What you are asked to do —
Extract, from the records beneath this instruction, each line that contains the word "with".

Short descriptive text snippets

────

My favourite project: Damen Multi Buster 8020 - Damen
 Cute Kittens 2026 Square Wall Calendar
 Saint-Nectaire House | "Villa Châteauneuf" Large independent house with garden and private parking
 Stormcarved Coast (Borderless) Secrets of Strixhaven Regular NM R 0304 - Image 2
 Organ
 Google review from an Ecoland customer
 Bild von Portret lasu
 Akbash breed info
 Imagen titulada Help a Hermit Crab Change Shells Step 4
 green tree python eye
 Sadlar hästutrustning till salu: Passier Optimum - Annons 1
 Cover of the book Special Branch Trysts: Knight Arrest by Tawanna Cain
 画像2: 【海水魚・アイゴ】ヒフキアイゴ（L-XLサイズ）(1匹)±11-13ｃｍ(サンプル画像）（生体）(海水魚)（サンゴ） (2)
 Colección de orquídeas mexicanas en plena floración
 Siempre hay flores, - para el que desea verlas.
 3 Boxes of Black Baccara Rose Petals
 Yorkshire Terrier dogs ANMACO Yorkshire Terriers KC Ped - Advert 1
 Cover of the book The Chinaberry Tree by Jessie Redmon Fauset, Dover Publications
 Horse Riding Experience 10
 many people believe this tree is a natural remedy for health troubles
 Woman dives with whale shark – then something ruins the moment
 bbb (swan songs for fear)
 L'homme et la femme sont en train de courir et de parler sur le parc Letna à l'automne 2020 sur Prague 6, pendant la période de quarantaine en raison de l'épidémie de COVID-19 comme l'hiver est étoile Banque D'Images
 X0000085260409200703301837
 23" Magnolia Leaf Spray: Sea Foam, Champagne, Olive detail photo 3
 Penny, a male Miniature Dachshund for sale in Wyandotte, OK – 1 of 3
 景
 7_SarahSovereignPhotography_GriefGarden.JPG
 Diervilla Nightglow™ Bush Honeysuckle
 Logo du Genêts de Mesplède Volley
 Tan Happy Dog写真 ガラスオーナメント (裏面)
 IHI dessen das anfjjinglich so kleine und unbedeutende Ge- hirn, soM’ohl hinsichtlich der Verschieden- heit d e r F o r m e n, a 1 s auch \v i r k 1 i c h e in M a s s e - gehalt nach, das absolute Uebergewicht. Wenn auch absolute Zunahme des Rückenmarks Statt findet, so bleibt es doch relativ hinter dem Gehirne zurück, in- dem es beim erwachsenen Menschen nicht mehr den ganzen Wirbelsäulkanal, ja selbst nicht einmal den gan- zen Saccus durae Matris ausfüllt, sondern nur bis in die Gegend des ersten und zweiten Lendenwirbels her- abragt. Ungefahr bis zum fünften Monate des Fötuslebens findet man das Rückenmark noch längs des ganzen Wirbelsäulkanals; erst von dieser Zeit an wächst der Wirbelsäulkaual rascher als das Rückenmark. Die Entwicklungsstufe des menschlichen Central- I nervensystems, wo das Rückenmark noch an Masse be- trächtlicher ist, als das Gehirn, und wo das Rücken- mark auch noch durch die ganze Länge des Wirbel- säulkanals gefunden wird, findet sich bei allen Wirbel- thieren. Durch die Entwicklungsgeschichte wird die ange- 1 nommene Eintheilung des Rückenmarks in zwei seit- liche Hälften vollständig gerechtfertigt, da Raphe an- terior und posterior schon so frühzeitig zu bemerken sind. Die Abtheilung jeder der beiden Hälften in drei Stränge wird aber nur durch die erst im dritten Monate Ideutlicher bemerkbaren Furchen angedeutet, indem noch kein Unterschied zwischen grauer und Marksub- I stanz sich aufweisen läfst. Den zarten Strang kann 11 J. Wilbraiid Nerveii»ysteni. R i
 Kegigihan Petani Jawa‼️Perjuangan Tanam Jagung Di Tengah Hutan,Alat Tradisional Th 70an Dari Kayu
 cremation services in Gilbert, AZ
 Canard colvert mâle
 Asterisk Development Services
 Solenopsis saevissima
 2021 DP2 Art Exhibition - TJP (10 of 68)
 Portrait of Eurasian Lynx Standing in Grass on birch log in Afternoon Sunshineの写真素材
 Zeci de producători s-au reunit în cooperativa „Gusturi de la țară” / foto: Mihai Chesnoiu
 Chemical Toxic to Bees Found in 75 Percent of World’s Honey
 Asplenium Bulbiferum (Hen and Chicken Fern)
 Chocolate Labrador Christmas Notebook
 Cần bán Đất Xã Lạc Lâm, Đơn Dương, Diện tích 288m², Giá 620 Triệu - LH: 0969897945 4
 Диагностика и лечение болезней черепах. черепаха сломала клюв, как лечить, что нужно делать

────

Output of the task —
 Saint-Nectaire House | "Villa Châteauneuf" Large independent house with garden and private parking
 Woman dives with whale shark – then something ruins the moment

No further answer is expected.